The 225-issue Nikkei Stock Average ended down 478.79 points, or 1.81 percent, from Tuesday at 25,970.82, its lowest closing level since Nov. 20, 2020. Japanese financial markets were closed Wednesday for a national holiday. The broader Topix index of all First Section issues on the Tokyo Stock Exchange finished 23.50 points, or 1.25 percent, lower at 1,857.58.
Decliners were led by air transportation, rubber product and glass and ceramics issues.
The U.S. dollar fell to the mid-114 yen range from around the 115 yen line as investors sought the perceived safety of the yen after developments in Ukraine, dealers said.
Tokyo stocks extended a losing streak to five sessions as the market remained under pressure on concerns over Ukraine. The Nikkei index plunged in the afternoon, briefly losing over 600 points, following reports Moscow had launched a military operation in Ukraine.

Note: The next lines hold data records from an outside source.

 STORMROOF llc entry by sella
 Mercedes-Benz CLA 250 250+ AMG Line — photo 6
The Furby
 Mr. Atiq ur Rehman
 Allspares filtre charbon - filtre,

Crude oil prices soared due to expectations that military action by Moscow would lead to disruption of oil supplies from Russia. Benchmark Brent crude futures briefly surpassed $100 per barrel for the first time since September 2014.
“Market participants turned risk-averse following the reports. As uncertainties remain over the situation, the Nikkei index could lose further ground following new developments,” said Shingo Ide, chief equity strategist at NLI Research Institute.

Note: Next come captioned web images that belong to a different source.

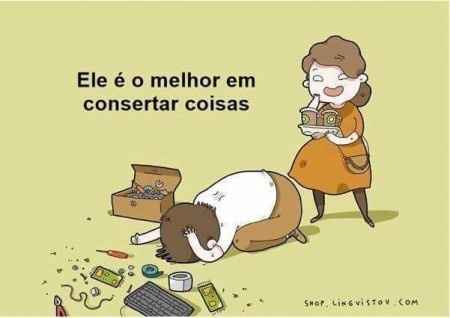 motivo para amar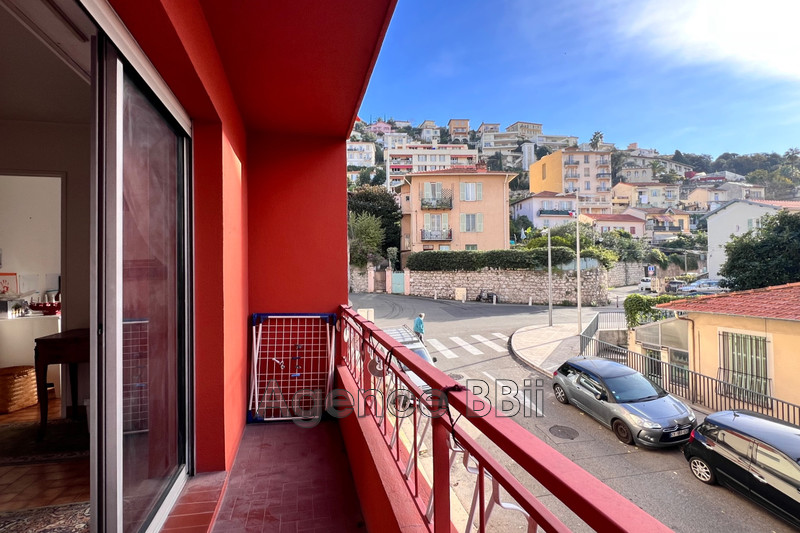 Vente appartement Nice  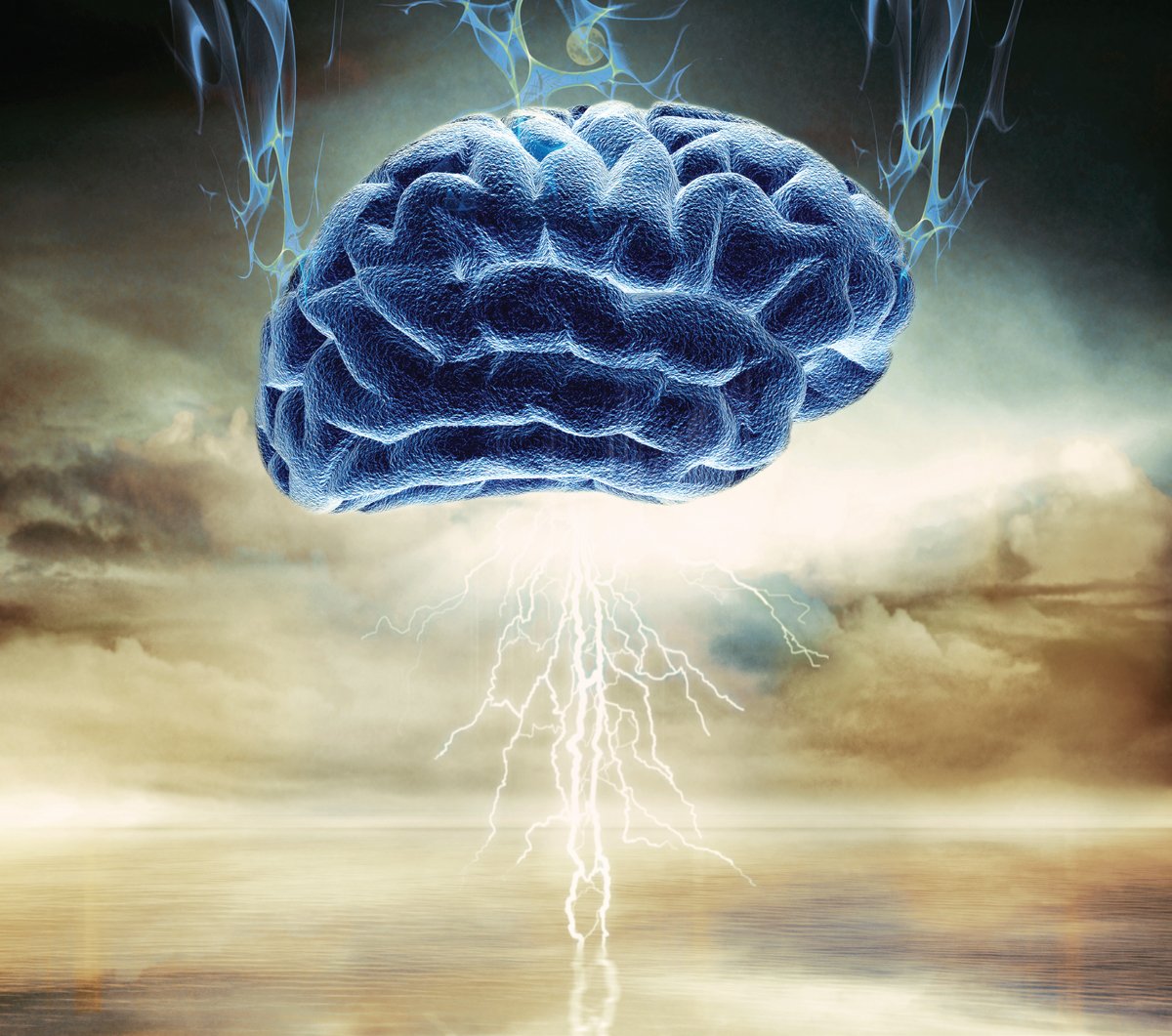 Brain storm, lightening, Feb 13, p96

Ide said that investors are worried that continuing geopolitical tensions could spur inflation due to a further increase in crude oil prices.
“Investors are worried that higher energy prices could cool the economy. Another concern is that the U.S. Federal Reserve may tighten its monetary policy drastically to battle a possible rise in inflation,” Ide said.

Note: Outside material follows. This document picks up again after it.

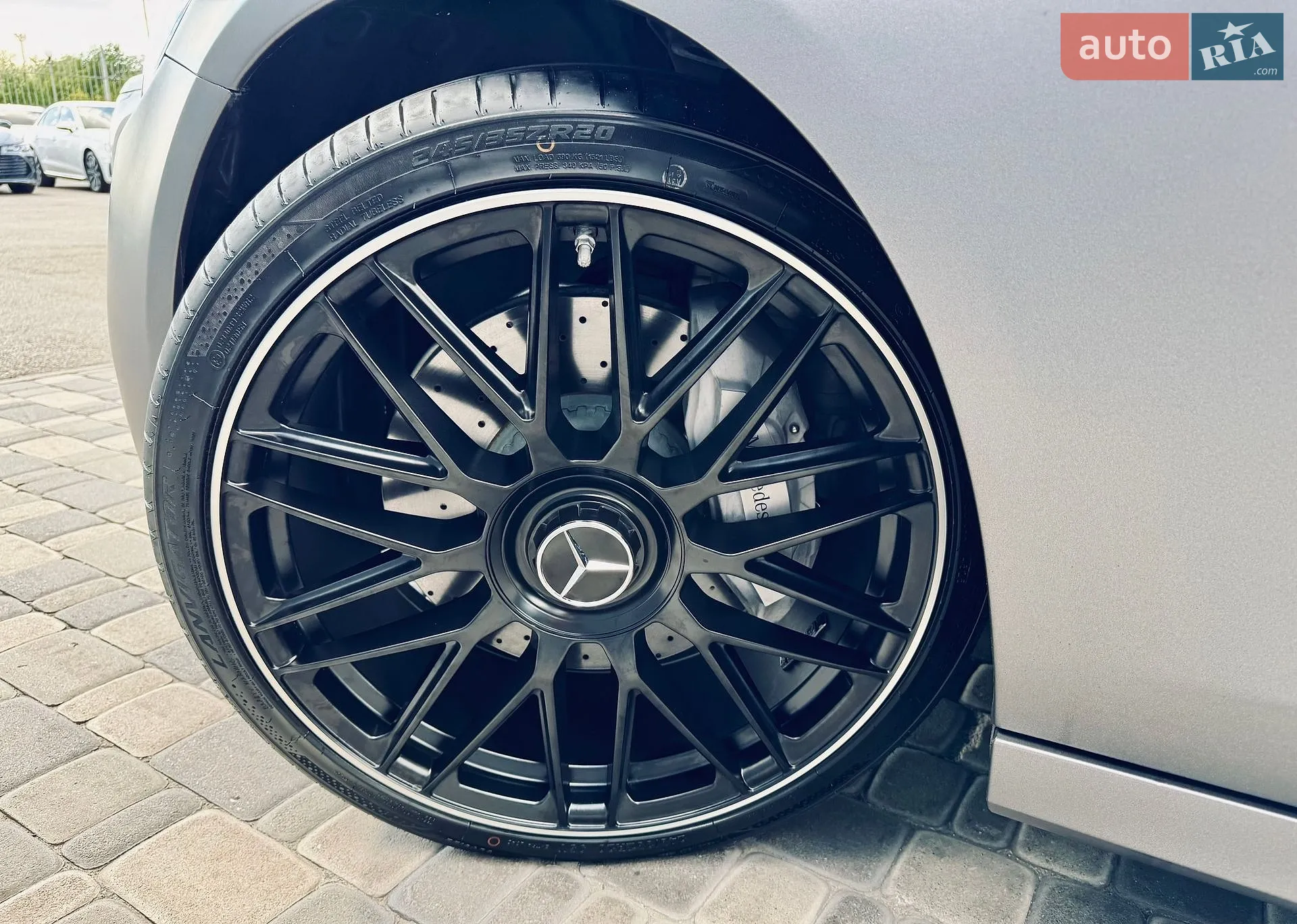 2021 Mercedes-Benz E-klasse - мініатюра 70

Putin’s announcement of a “special military operation” in eastern Ukraine came amid Western countries’ last-minute pleas to prevent a war in the heart of Europe.
Major stock markets worldwide have been hit by fears over a large-scale Russian invasion and its impact on the global economy, with the Dow Jones Industrial Average extending its losing streak to five days on Wednesday.
On the First Section, declining issues outnumbered advancers 1,294 to 824, while 64 ended unchanged.
Rubber product issues were weak on concerns that higher raw material costs would adversely impact the rubber industry’s revenues.
Yokohama Rubber sank 80 yen, or 4.7 percent, to 1,615 yen, and Bridgestone fell 266 yen, or 5.4 percent, to 4,682 yen.
Some technology-related shares fell on losses on the U.S. Nasdaq index, brokers said. Industrial robot maker Fanuc fell 1,160 yen, or 5.4 percent, to 20,255 yen, and semiconductor maker Screen Holdings lost 590 yen, or 5.4 percent, to 10,320 yen.
Trading volume on the main section rose to 1,594.12 million shares from Tuesday’s 1,138.93 million shares.